Summary
assuming King's Bench jurisdiction over electors' petition for mandamus and ordering the Speaker of the Pennsylvania House of Representatives to issue writs of election for special elections to fill vacancies in enumerated legislative districts
Summary of this case from Commonwealth v. WilliamsOpinion
2012-02-29
Kevin Michael Greenberg, Nella Moses Bloom, Flaster/Greenberg, P.C., Philadelphia, for petitioner. Matthew Hermann Haverstick, Robert N. Feltoon, James J. Rohn, Francesco P. Trapani, Conrad O'Brien, P.C., Philadelphia, for respondent, Speaker of the House of Representatives.

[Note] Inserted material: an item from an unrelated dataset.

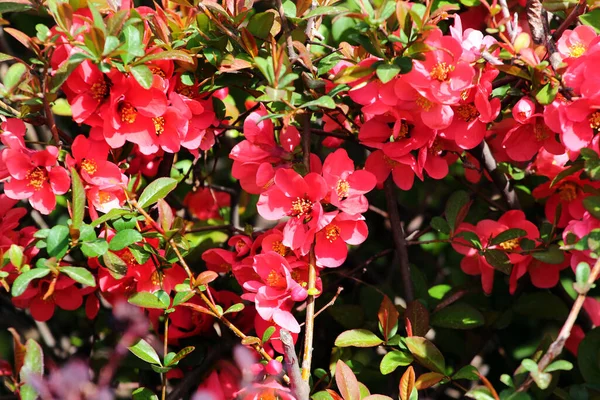 Japanese Quince Chaenomeles Japonica Flowers Springtime — Stock Fotó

Kevin Michael Greenberg, Nella Moses Bloom, Flaster/Greenberg, P.C., Philadelphia, for petitioner. Matthew Hermann Haverstick, Robert N. Feltoon, James J. Rohn, Francesco P. Trapani, Conrad O'Brien, P.C., Philadelphia, for respondent, Speaker of the House of Representatives. Steven Vincent Turner, Shauna Christine Clemmer, PA Department of State, Jarad Wade Handelman, PA Governor's Office, Kathleen Marie Kotula, PA Department of State, Harrisburg, for respondent, Secretary of the Commonwealth.
ORDER
PER CURIAM.
AND NOW, this 29th day of February 2012, upon consideration of the emergency request and the responsive pleadings, we GRANT Petitioners' alternative request that this Court exercise its King's Bench jurisdiction over this matter. It is hereby ORDERED that the request for mandamus relief is GRANTED IN PART. Specifically, the Honorable Samuel H. Smith, Speaker of the Pennsylvania House of Representatives, is hereby ORDERED to issue forthwith writs of election for special elections to fill the vacancies in the House of Representatives, Legislative Districts 22, 134, 153, 169, 186, and 197. The special elections shall be held to fill the enumerated vacancies “for the remainder of the [2010–2012] term,” the two-year term for which members were elected at the November 2010 general election. Pa. Const. art. II, §§ 2, 3; see Pa. Const. art. II, § 4 (“The General Assembly shall be a continuing body during the term for which its Representatives are elected.”). The special elections shall be held to coincide with the next ensuing primary election.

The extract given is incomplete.